Podstawą wszczęcia śledztwa był właśnie raport NIK-u. Zdaniem Izby, zakup za prawie milion złotych supernowoczesnych urządzeń, których funkcji nie można w pełni wykorzystać, był niegospodarny. Prokuratorzy badali sprawę pod kątem przekroczenia przez policjantów uprawnień i niedopełnienia przez nich obowiązków w czasie przetargu. Ostatecznie jednak nie doszukali się w działaniach funkcjonariuszy KGP przestępstwa.
Ci ostatni tłumaczyli, że system nigdy nie miał być wykorzystywany przeciwko agresywnym demonstrantom. Przekonywali, że prawie milion złotych wydano po prostu na 6 urządzeń nagłaśniających do przekazywania komunikatów podczas demonstracji.
LRAD to urządzenia nagłośnieniowe, zaopatrzone w moduł, który umożliwia emitowanie dźwięku o wysokiej częstotliwości. Sygnał taki wywołuje poczucie oszołomienia dzięki przekroczeniu progu bólu (przy natężeniu 130-150 decybeli), a także silne dolegliwości aparatu słuchu i ból głowy. System należy do tzw. non-lethal weapons, czyli broni niezabijającej. Stosowany jest głównie przez armię w operacjach przeciwko tłumom.Polska policja kupiła sześć tego typu urządzeń, a każde kosztowało ponad 150 tysięcy złotych. Trzeba jednak było dezaktywować w nich moduł odpowiedzialny za wydawanie dźwięku o wysokiej częstotliwości. W efekcie supernowoczesne urządzenia służą policjantom jako zwykłe głośniki.
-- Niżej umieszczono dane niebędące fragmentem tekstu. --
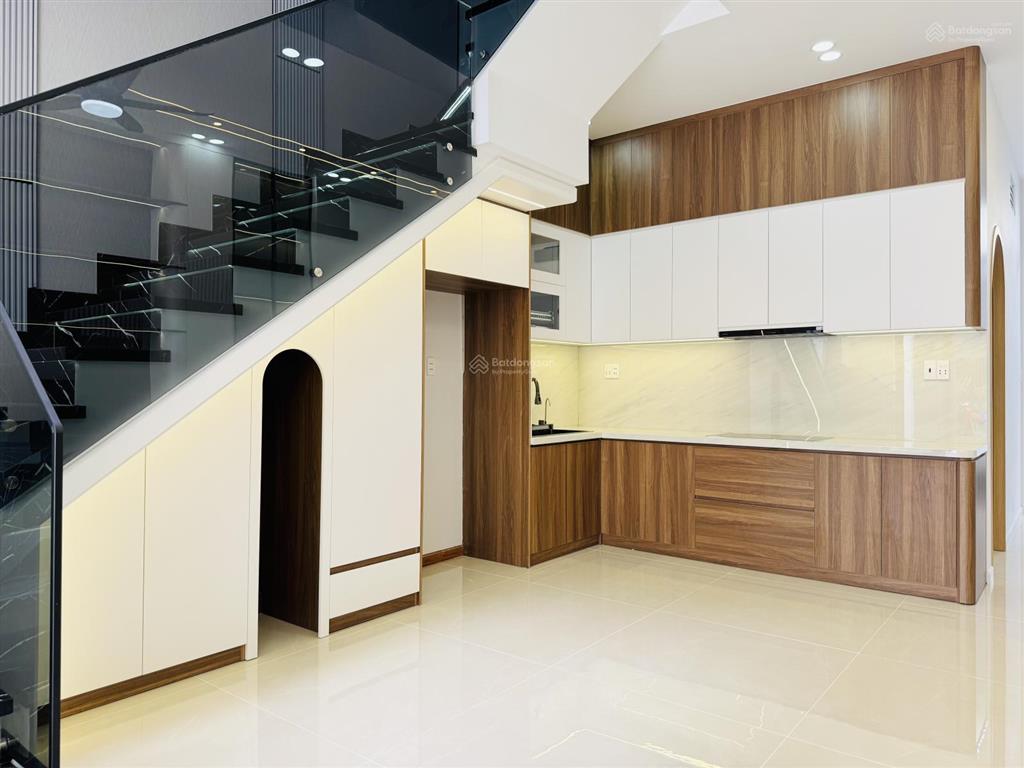 Nhà bán gần chợ bà điểm 5x20 sổ riêng đã hoàn công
Zakup systemu budził kontrowersje z jeszcze jednego powodu. Policjanci używają tych głośników bardzo rzadko. Od grudnia 2010 roku do grudnia 2012 roku, a więc przez dwa lata, warszawski zestaw LRAD wyjeżdżał z garażu jako głośnik (co nie znaczy, że był używany) 114 razy. Oddziały prewencji w Gdańsku, Krakowie, Wrocławiu, Łodzi i Poznaniu od grudnia 2010 do września 2011 roku w ogóle nie korzystały z LRAD-ów, a w ciągu kolejnych 9 miesięcy tych pięć komend skorzystało z urządzeń łącznie... 18 razy.